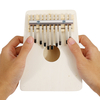 10 touches Kalimba bois pouce piano doigt clavier instrument de musique w / tuning Hammer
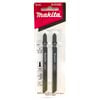 Makita No. B25 9 Teeth Jigsaw Blade - 2 Pack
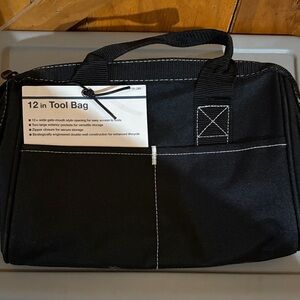 Black Tool Bag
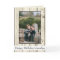 Happy Birthday Grandpa Rustic Wood Photo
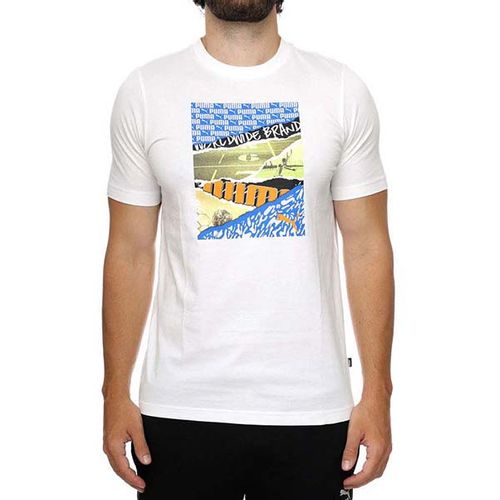 Puma Majica Puma Graphics Photoprint Tee 674485-02 slika 1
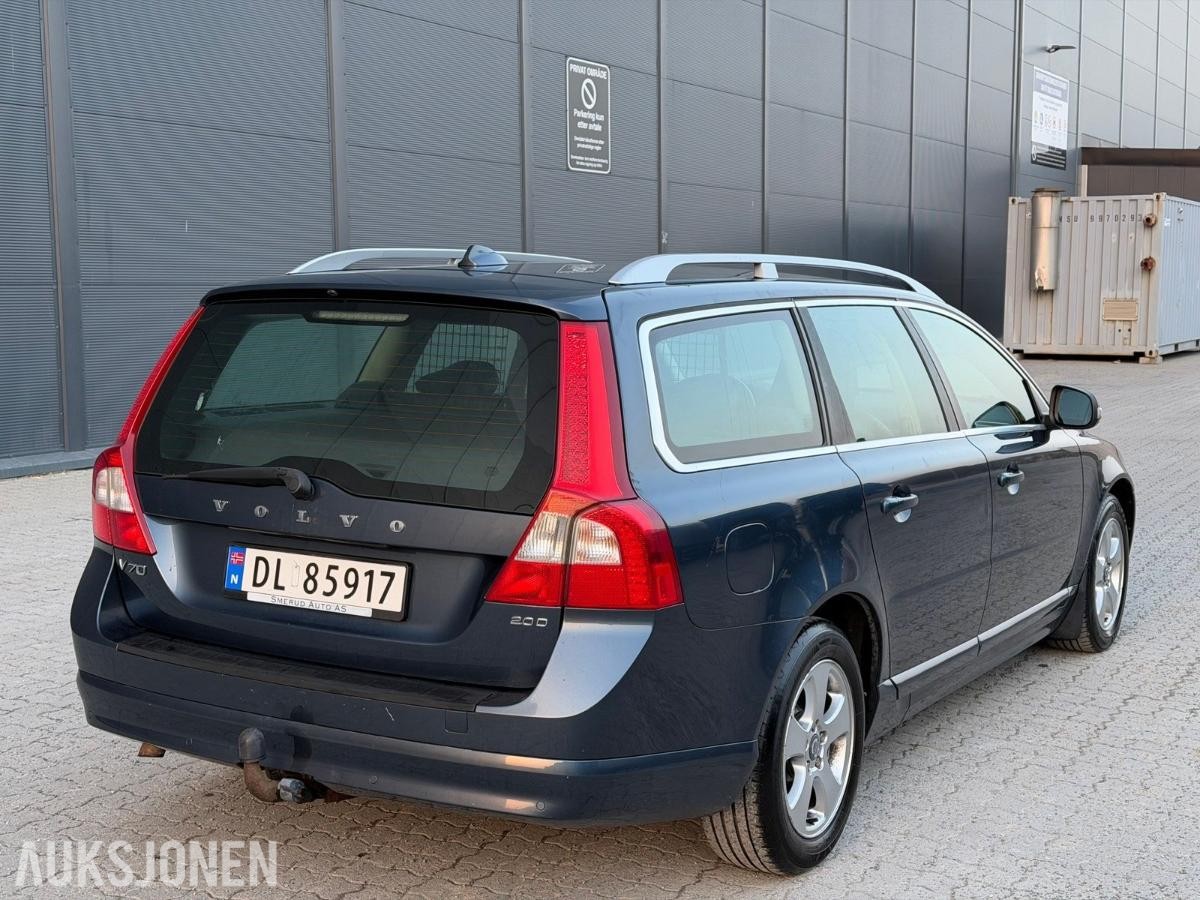 2008 VOLVO V70 2.0D MANUELL – SKINNSETER – HENGERFESTE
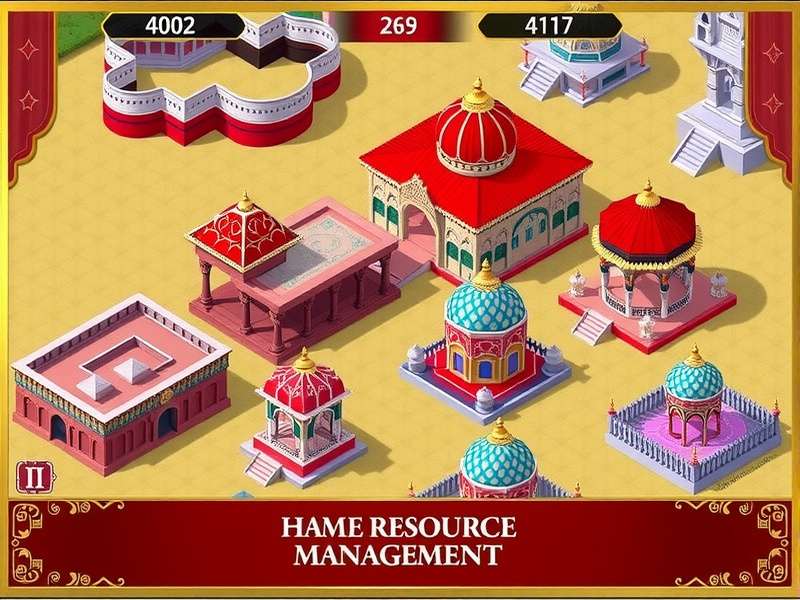 Resource Management in Indian Palace Tycoon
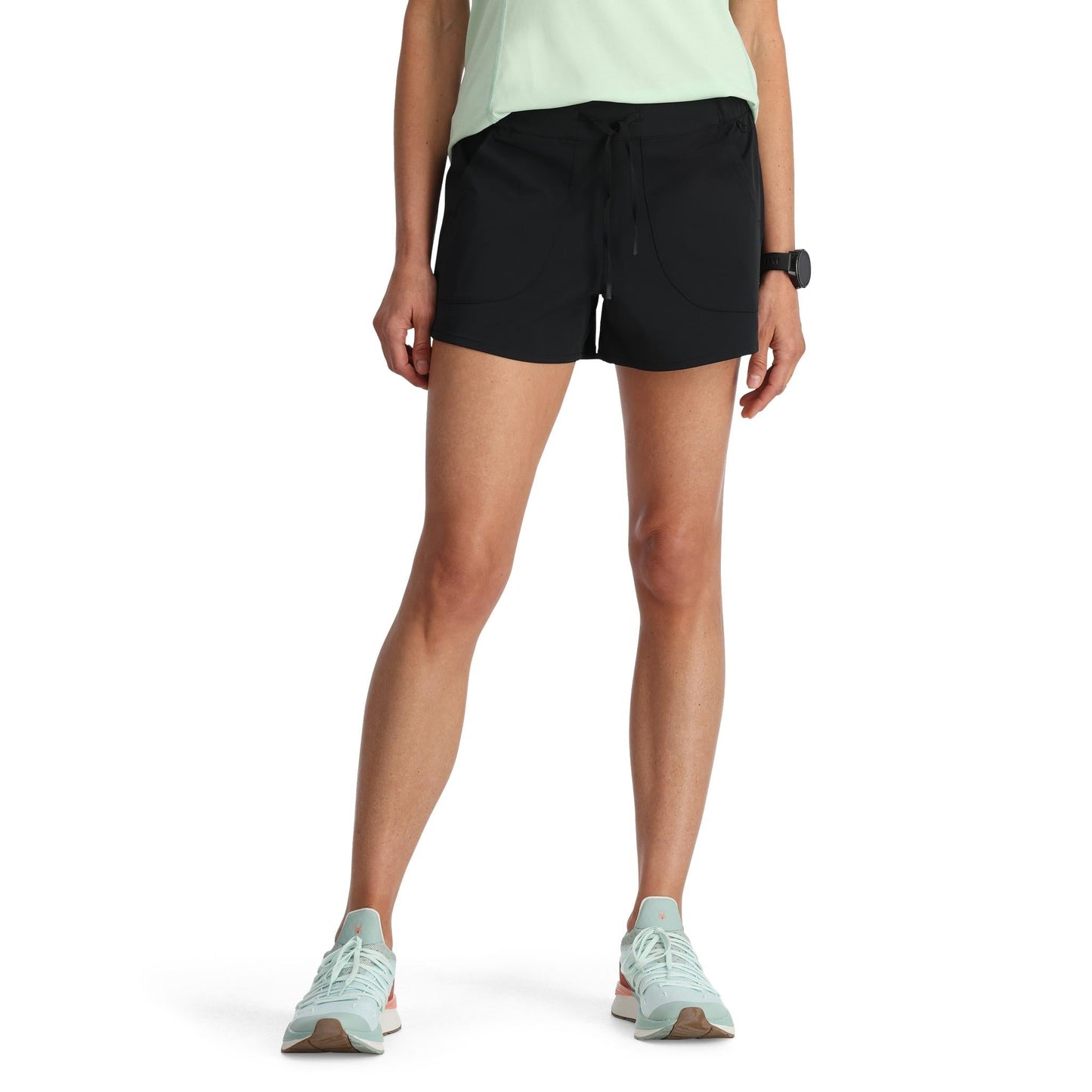 Womens Shift Short - Black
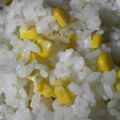 はりそん。's cooksnap of when they made トウモロコシご飯（簡単すぎてごめん！）.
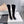 CC 26s Cap-Toe Knee-High Boots 8.5cm Black Stretch Suede 966845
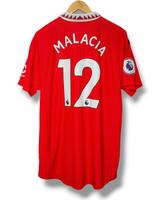 Manchester United 2022/2023 Thuis Shirt Malacia #12 (L)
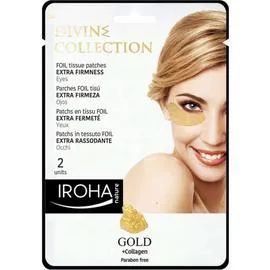 Patchs yeux anti-âge gold (x2)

=======

▶ **Your assignment**:
Only these lines belong in the answer: the first line of the listing above through the line holding "Puma Majica Puma", printed exactly and without pictures.

▶ **Reply to the task**:
 10 touches Kalimba bois pouce piano doigt clavier instrument de musique w / tuning Hammer
 Makita No. B25 9 Teeth Jigsaw Blade - 2 Pack
 Black Tool Bag
 Happy Birthday Grandpa Rustic Wood Photo
 Puma Majica Puma Graphics Photoprint Tee 674485-02 slika 1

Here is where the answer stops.